Since Google I/O, more than 27,000 developers have been prototyping with the Google Wave APIs. Amazingly, these developers persevered, found work arounds, and advocated for new features when our APIs didn't do what they needed. Our APIs have made a fair bit of progress since May. Now you can build robots that control gadgets, providing a mechanism for tight integration with a rich UI. We've also made it easier to build extension installers to help people understand share extensions with their friends. The visual experience for interacting with gadgets has also been improved. We open sourced the Java Robots API. And made lots and lots of bug fixes.
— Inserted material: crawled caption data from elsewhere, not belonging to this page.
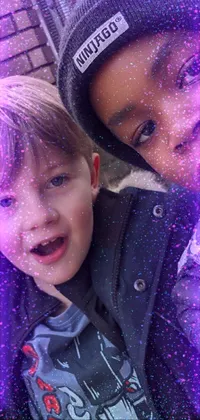 This phone live wallpaper features two young boys enjoying the bustling city of London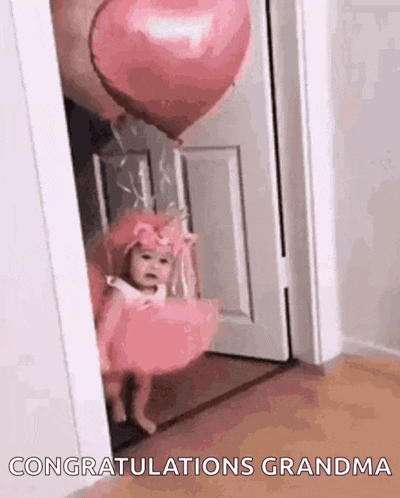 a little girl in a pink dress is standing in a doorway holding a pink heart shaped balloon .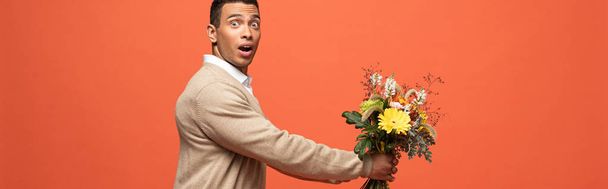 panoramic shot of shocked mixed race man gifting autumnal bouquet isolated on orange - Foto, imagen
While Salesforce.com and SAP's demos are still prototypes, we are featuring a small set of amazing extensions ready to use today. LabPixies created a Sudoku gadget that lets you compete to solve a Sudoku Puzzle. A happy distraction in the hectic days leading up to September 30th! (Although I wish Lars would let me win once in awhile...) 6Rounds.com has integrated their rich video conference experience into Google Wave. It has amazing effects like making it snow or even simulating fire! AccuWeather has built a neat extension that lets you add weather forecasts to your event planning waves. Voice conversation is one of Google Wave's most commonly requested features, and we were thrilled to see Ribbit's gadget for managing telephone conferences. Lonely Planet built a very rich trip planning tool. Our own Pamela Fox updated the Google Maps gadget we have been using in our demos.
As we've talked about in the past, we're still working hard to improve the documentation and evolve the preview quality APIs to make it easy to build wave-y extensions. We're also working on larger changes like providing anonymous read-only access to embedded waves -- so anyone in the world will be able to see content of published waves. To help foster a strong developer ecosystem, we're exploring plans for a monetizable wave extension store.
To all sandbox developers, thank you for your patience, feedback, creativity and riding the sometimes bumpy waves with us. You will get accounts on wave.google.com tomorrow - check your sandbox account for instructions on how to login. You'll also get invitations to bring on people you want to wave with or have try your extensions. Google Wave is more fun with friends or colleagues to collaborate with so use your invitations wisely!
If you're feeling inspired to build an extension to Google Wave, sign up to give the APIs a spin, check out the developer's guide, and read the design principles. If you come up with something "wave-y" don't forget to let us know when you have extensions ready for users to try.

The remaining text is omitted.